Keratin decomposition by dermatophytes. II. Presence of s-sulfocysteine and cysteic acid in soluble decomposition products.

The dermatophyte Microsporum gypseum was grown on human hair in a mineral medium. Filtrates of cultures of various age were chromatographed on Sephadex gels and further characterized by chemical analysis and thin-layer chromatography. The products of keratin decomposition were separated into two fractions. The first fraction formed 10 to 20% of the bulk and contained proteins low in sulfur content. The second, very wide fraction contained oligopeptides and polypeptides with molecular weights from several hundreds up to approximately 13,000 with a peak at 1,000-2,000 daltons. This fraction contained a relatively high amount of cystine, S-sulfocysteine, and cysteic acid. S-sulfocysteine was present in the free state and also combined in peptides where its amount exceeded that of cystine. This supports the author's hypothesis on keratin decomposition by dermatophytes.

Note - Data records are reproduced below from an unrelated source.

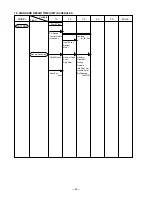 Preview for 25 page of Hitachi WH 12DAF Technical Data And Service Manual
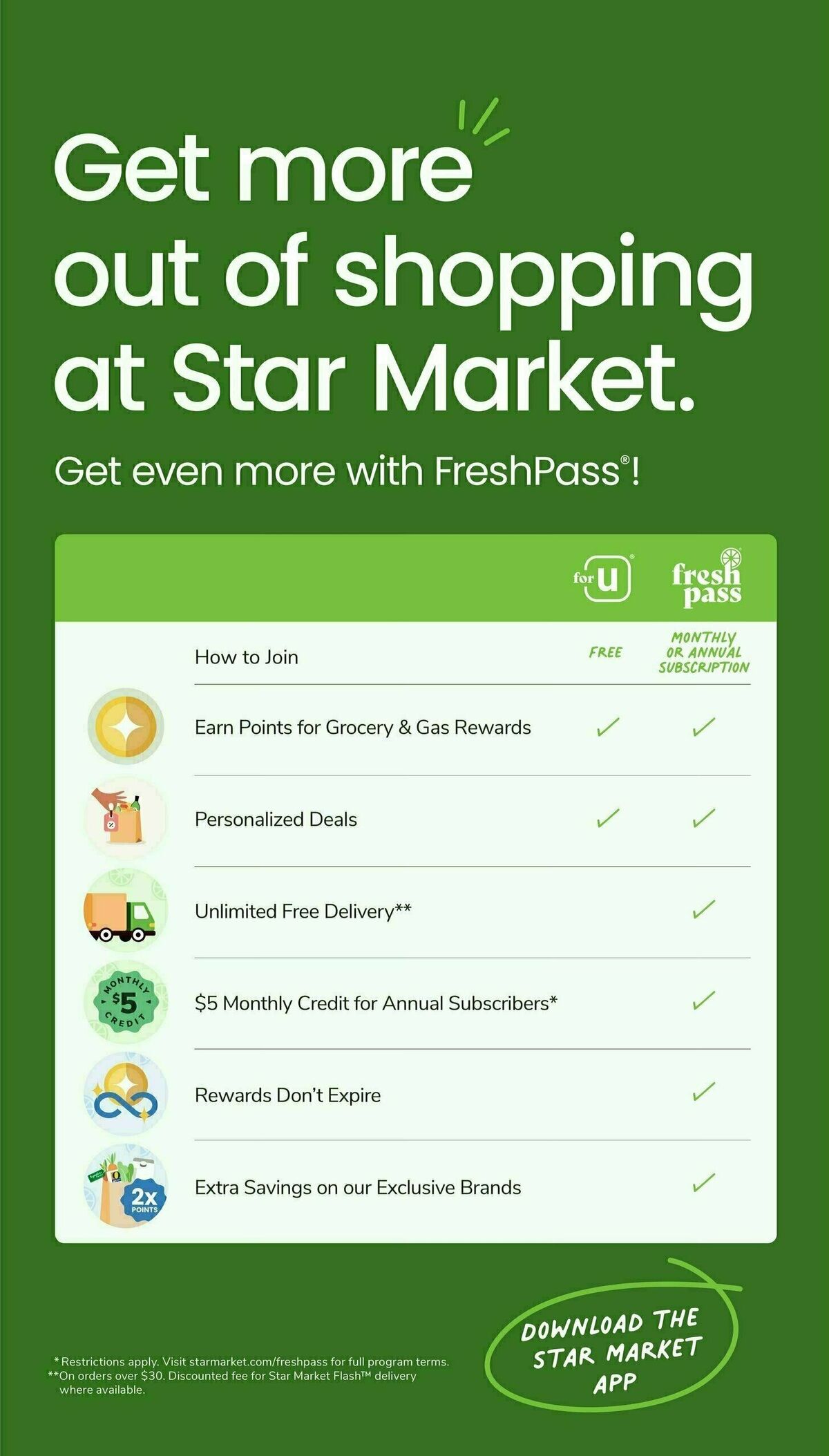 Star Market Weekly Ad from August 4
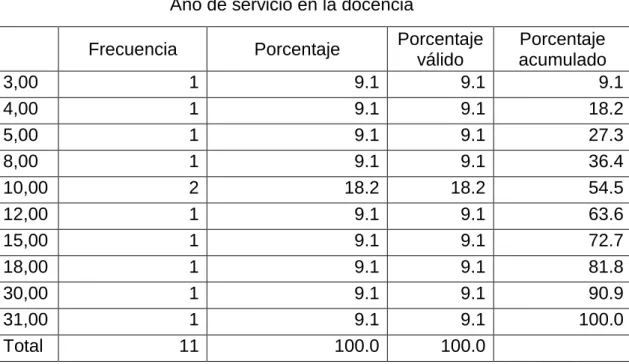 Tabla 3 Condición laboral 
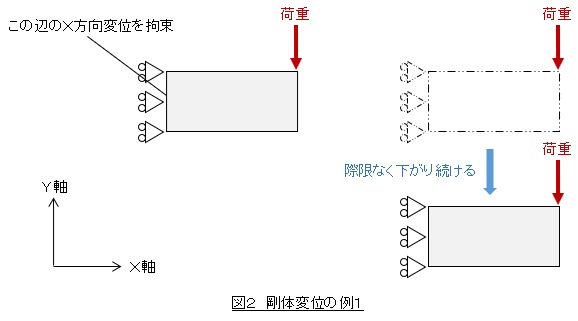 剛体変位の例１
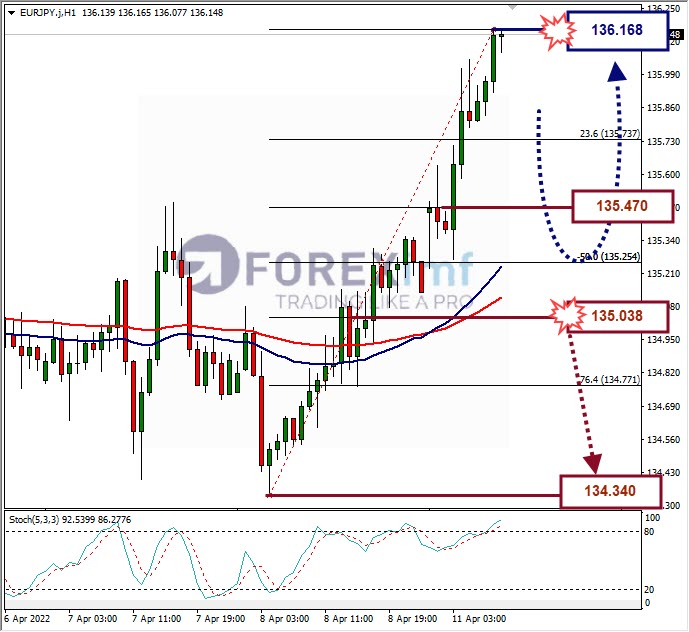 Analisa Forex EURJPY Hari Ini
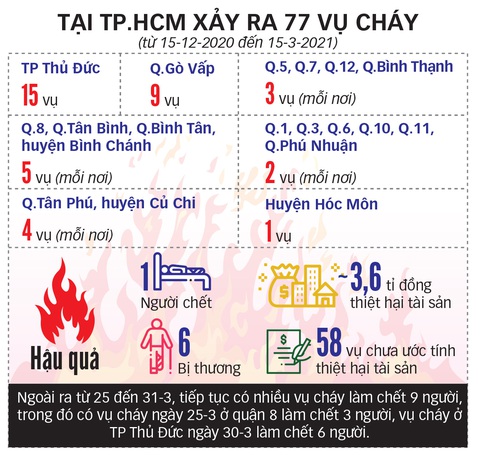 Cảnh giác với bà hỏa mùa nắng nóng - Ảnh 3. Cảnh giác với bà hỏa mùa nắng nóng - Ảnh 3.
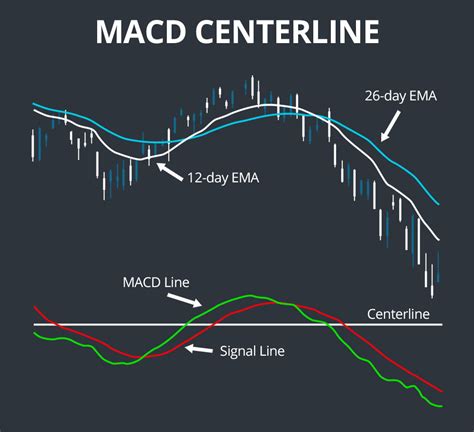 Understanding Moving Average Convergence Divergence Macd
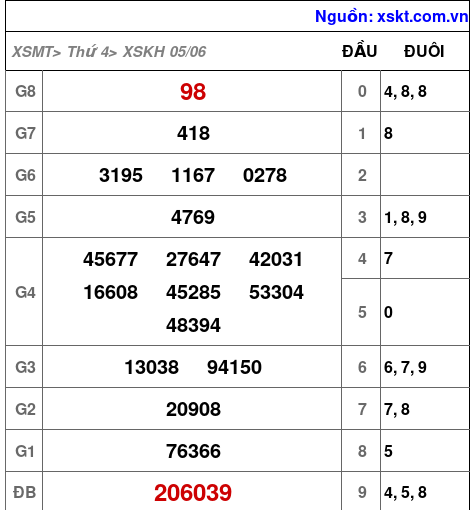 XSKH ngày 5-6-2024 XSKH ngày 5-6-2024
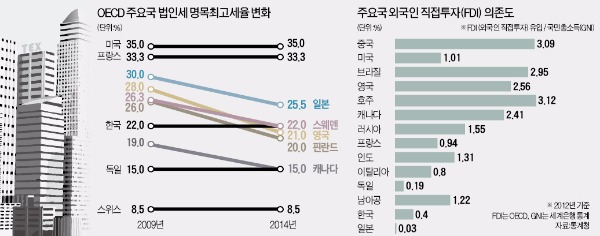 [뉴스의 맥] 법인세율, 주요국 인하 추세에 보조는 맞춰야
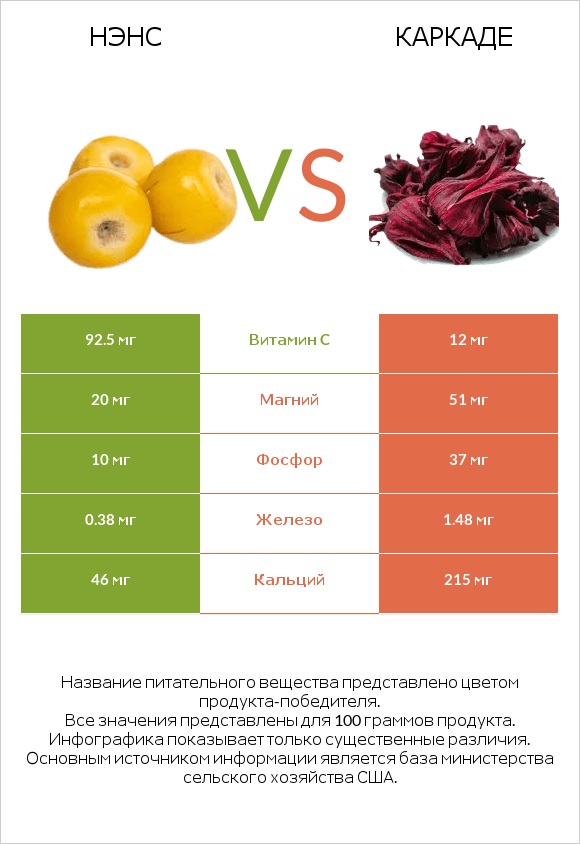 Нэнс vs Каркаде infographic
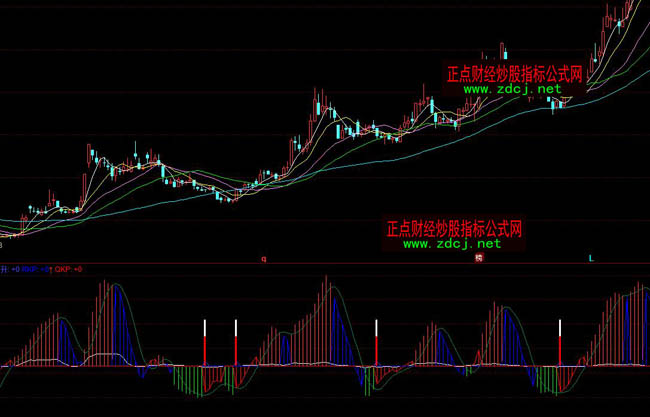 ͬ��혟o������ָ�˹�ʽ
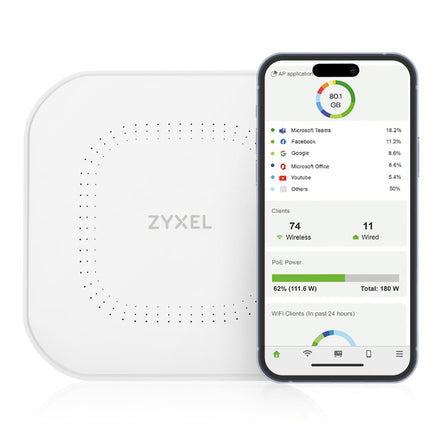 Zyxel WiFi 6 Wireless Access Point AX3000 | 2.5G |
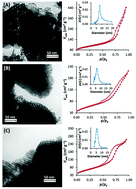 Graphical abstract: Synthesis and charge storage properties of templated LaMnO3–SiO2 composite materials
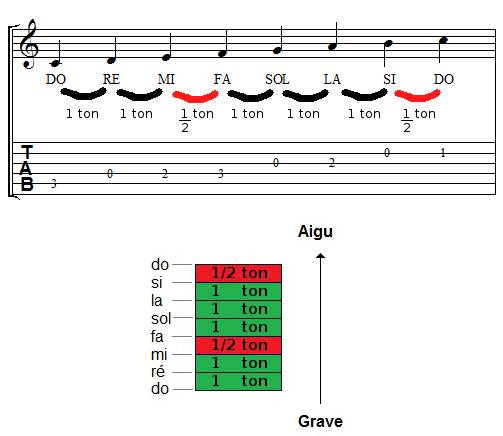 Demi-tons dans la gamme de Do majeur à la guitare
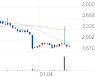 알티캐스트, +9.56% VI 발동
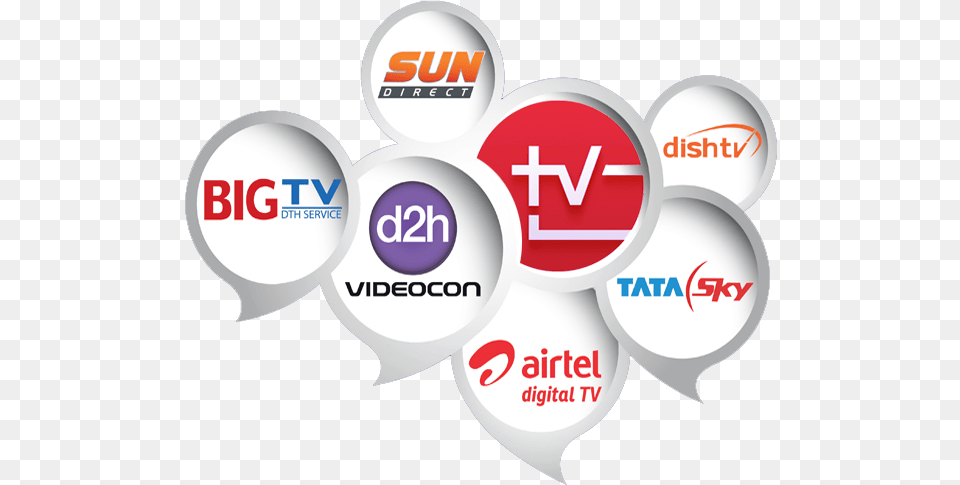 Airtelvideocontata Skybig Tvdish Tvsun Direct All Dish Tv Logo Free Png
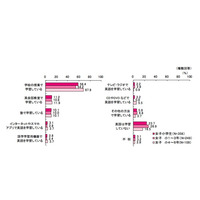 女子小学生「プログラミングという言葉も知らない」44.7％ 画像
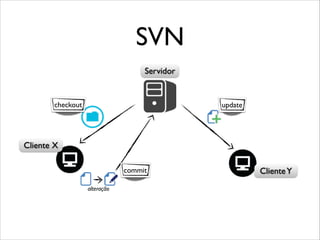 SVN
Servidor

checkout

update

Cliente X
commit
alteração

Cliente Y

 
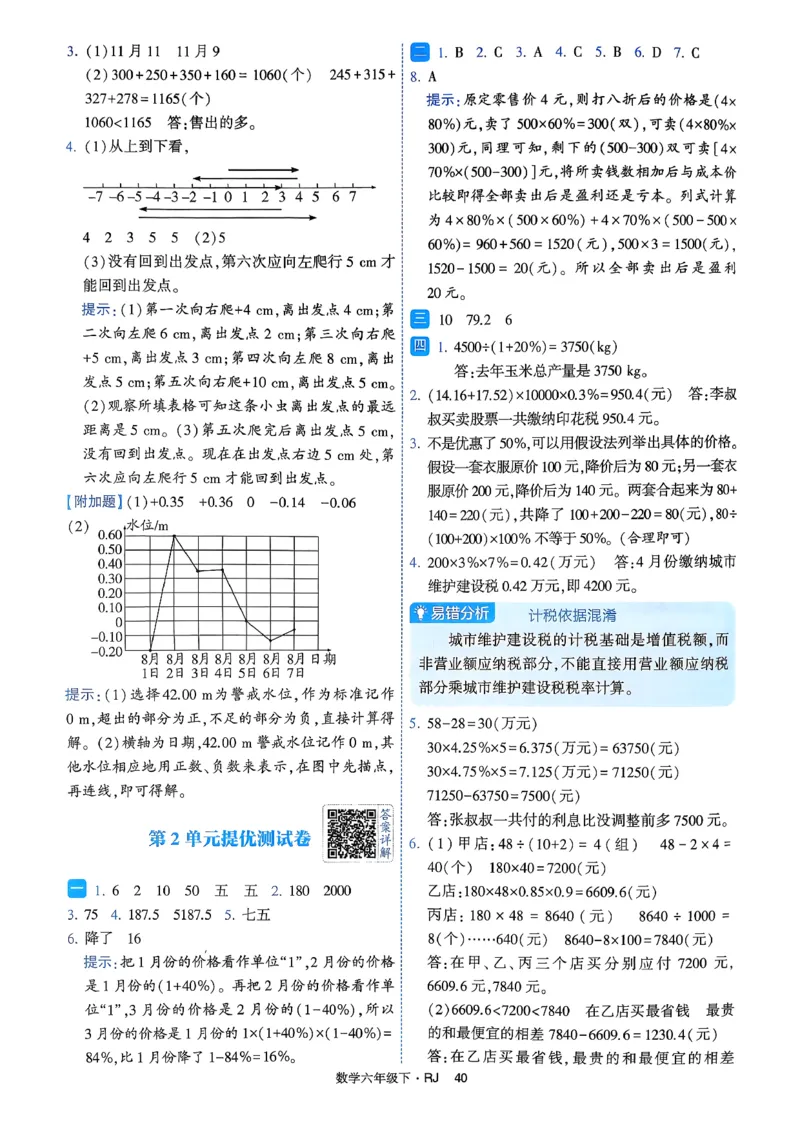 26春六年级下册四星学霸-数学人教-答案与详解_26春人教版数学三下_09、练习题+试卷合集_-26春《学霸提高班》_小学数学《学霸提高班》1-6年级下册（26春）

According to this hypothesis, the fungus excretes sulfite which cleaves the disulfide bonds of keratin to cysteine and S-sulfocysteine. The substrate, denatured by sulfitolysis, is then more easily digestible by fungal proteases. Besides S-sulfocysteine, comparable amounts of cysteic acid were found in all analyses. This compound most probably originated by air oxidation of sulfur amino acids in the alkaline cultivation fluid.[1]